▶ [THE PROBLEM]
Please return exactly the lines below that run from the line with "A Man Wearing" through the end of the listing, both included, but not the pictures.

▶ [MATERIAL PROVIDED]
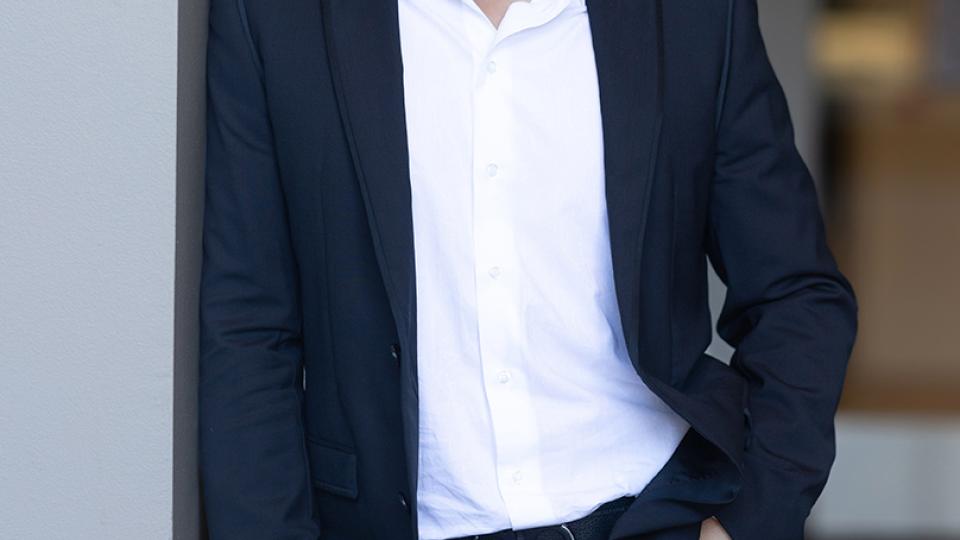 Gleb Yushin leaning on a wall. 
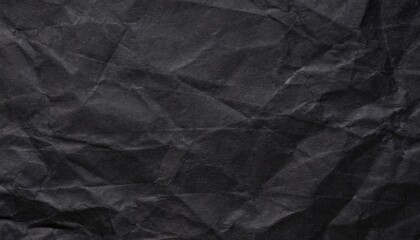 A black crumpled paper background. - obrazy, fototapety, plakaty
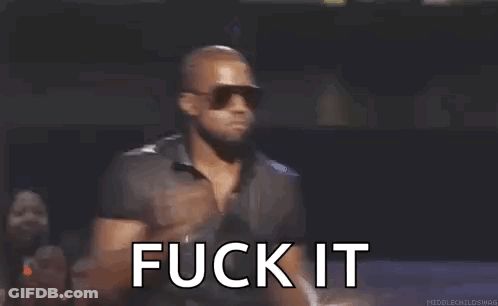 A Man Wearing Sunglasses And A Black Shirt Is Standing In Front Of A Microphone And Saying `` Fuck It '' . GIF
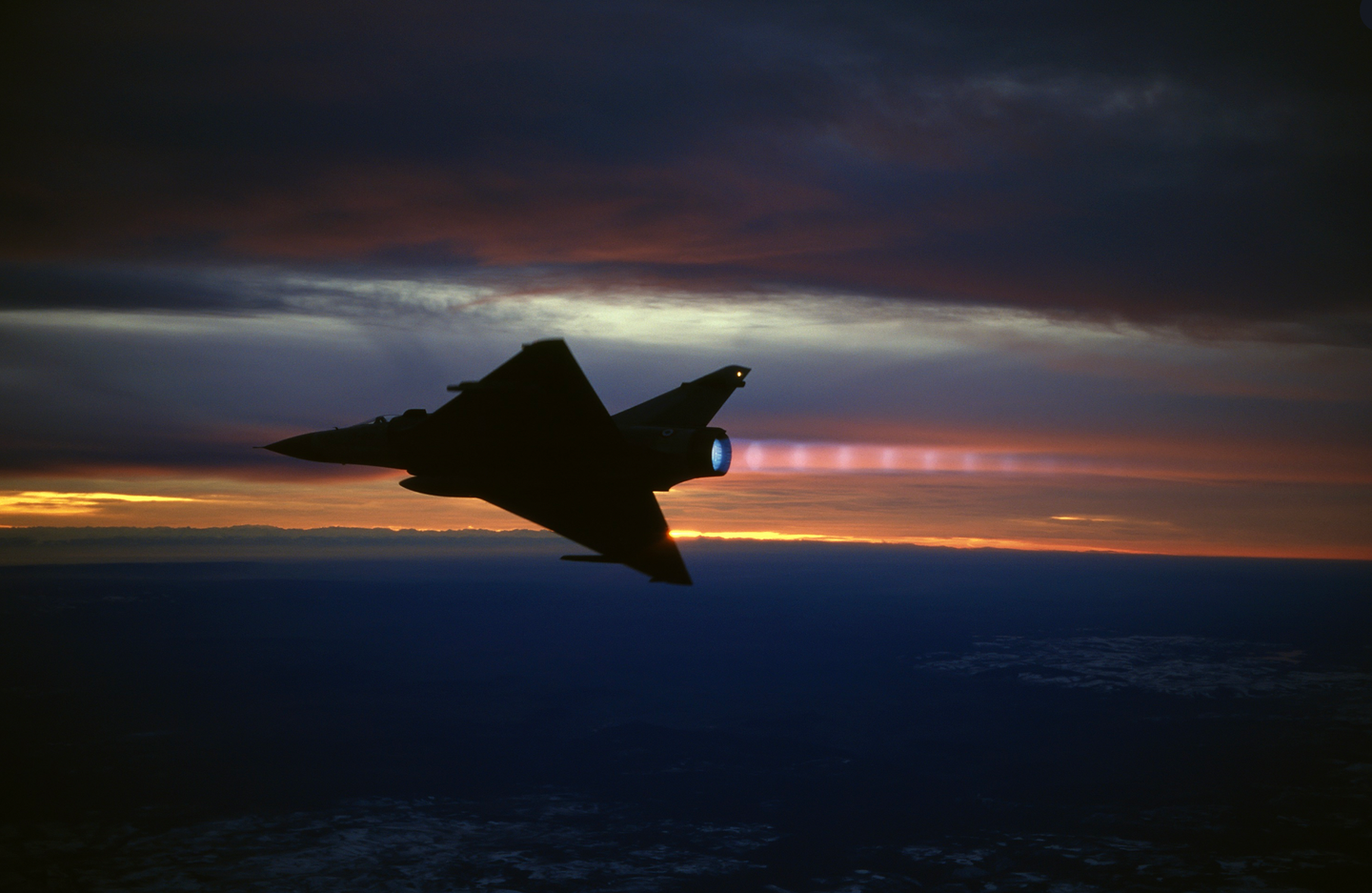 A stunning photo of a Mirage 2000C pulling away from its wingman in afterburner during a night mission. <em>Ian Black</em>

▶ [OUTPUT BELOW]
 A Man Wearing Sunglasses And A Black Shirt Is Standing In Front Of A Microphone And Saying `` Fuck It '' . GIF
 A stunning photo of a Mirage 2000C pulling away from its wingman in afterburner during a night mission. <em>Ian Black</em>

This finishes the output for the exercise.